4. When the US legal landscape changed in 2011, getting your money out of the sites that were still willing to serve Americans got more challenging. Moving out of the country wasn't an option for me. With the game getting harder all the time due to the proliferation of good strategy material and botting, it seemed like it was time to move on.

link

IgorPartola 3444 days ago

Thanks! One more question for you and @jat850:

So with the online games, etc. is the point just that you are better than the next guy to join the game so you just end up winning against players that are not as good? How reliable is something like that? It's true that a sucker is born every minute, but is it really feasible to make a living off it vs just staying income-neutral (e.g. win some, lose some, not really make any profit)?

link

bcassedy 3444 days ago

It's fairly reliable. Due to the random nature of poker, it's very easy to delude yourself into thinking that you're a better player than you are. This is true for hobbyists, gamblers, and professionals alike. Professional players may move up in stakes or even stay at the same stakes and think that they're stronger than the competition and write off their bad performance as a run of bad luck. Runs of bad luck (and good) can significantly skew your results even over a hundred thousand hands.

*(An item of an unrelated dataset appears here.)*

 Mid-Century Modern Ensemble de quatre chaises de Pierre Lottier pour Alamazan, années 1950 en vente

Because of this, players of all skill levels will play a long time in games where they are not favored. This is part of why it's so important to keep studying both your play and that of your opponents. If you rest on your laurels, those that do study will surpass you and you'll find yourself playing at a disadvantage without realizing it.

Online you're really able to make a good amount off even a small edge, as measured in big blinds per 100 hands, because hands are dealt so quickly and you can play more than one table at a time. For most of my career I was playing ~1000 hands/hour. In reality due to the rake, the cut the site takes from each pot, you need to have a substantial edge to make money, but this isn't as hard to achieve as you might think.

link

smnplk 3444 days ago

A hobby poker player here.

The main goal of any poker game is to win money. You win money from your opponents, you don't play agains the house. Although , the house (poker site) does take a small percentage of every pot you win, this is called rake. Do note, that in some games, rake can be so high that it is not profitable to play the game even if you are much better than your opponents. The only way to win money on the long run in poker is to be better than your opponents, so you need to look for bad opponents, it is a well know strategy called table selection or "bum hunting" :)

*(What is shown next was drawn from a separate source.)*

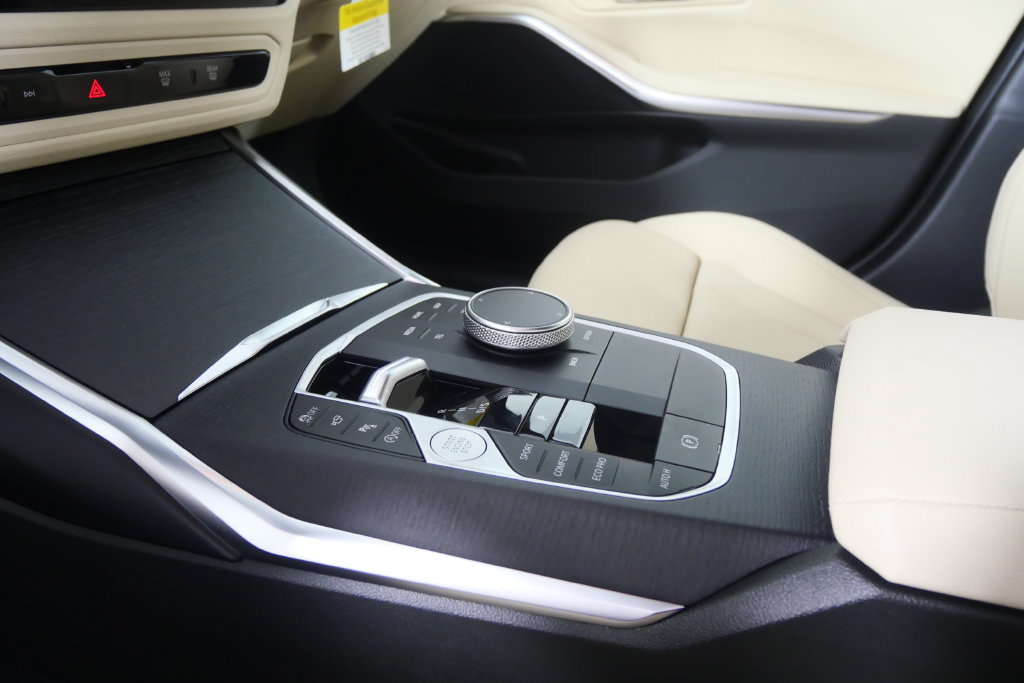 New 2026 BMW 330i Sedan w/ Premium Package RWD image 21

Nowdays it is still very feasible to make a living off poker, but you will have better chance finding bad player in live games.

link

jat850 3444 days ago

Not who you're replying to, but I can give a few answers, having also played professionally for some time.

1. Lots of means this can happen. "Professional poker player" is generally taken to mean "derives primary source of income from playing poker" or sometimes "spends the majority of their time playing poker". There's no exact qualification.

2. Not generally sponsorship driven, although there are some modes of sponsorship that do factor in in some ways - the primary means of income is basically by winning money from other players. A secondary component is often rakeback, in online play. In cash games, you can join and leave at any time and your winnings or losses are simply the amount you are up or down in that particular session. In tourmanent play there is a payout structure based on your placement in the tournament (often something like 25% of the total prize pool to 1st, 15% to second, etc.)

3. It can be done part time. There is nothing to say that your bankroll can't be seeded or supplemented by external means, and you can play cash games for short or long periods. Tournaments are typically long (at least if you remain in them a long time, though you can be eliminated at any time, basically). I used to play approximately 40 hours a week (since I was treating it like a job), but now I play 10-15 and it represents about 30-40% of my yearly income.

4. I personally quit because I found the stress associated with having it as the sole means of providing myself too overwhelming. One can have a stretch of negative earnings that can last hours, days, weeks, even months - and it can be psychologically damaging in some ways. I also found that I preferred to keep it as a hobby than a means of income, since I enjoyed it more that way.

link

IgorPartola 3444 days ago

Thanks! Replied to a sibling comment to yours with one more question.

link

tgb 3444 days ago

Is it known that there is an optimal strategy?

link

osti 3444 days ago

In heads up ie. 1 on 1, there is Nash equilibrium, but in multiplayer game there isn't because the other players can coolude against you.

link

bcassedy 3444 days ago

We know that there exists an optimal strategy, but that we still aren't close to achieving it. It's a zero sum game where both parties have the same lack of information and the betting order rotates. I think it has to have an optimal strategy.

link

jspiral 3444 days ago

At higher levels poker is about game theory, for example, the player bluffs at an optimal frequency in a certain situation so as to be indifferent to whether the opponent calls or folds.

Exploitative strategies, based on understanding opponent weaknesses and tendencies will win $ at a higher rate, but are themselves exploitable.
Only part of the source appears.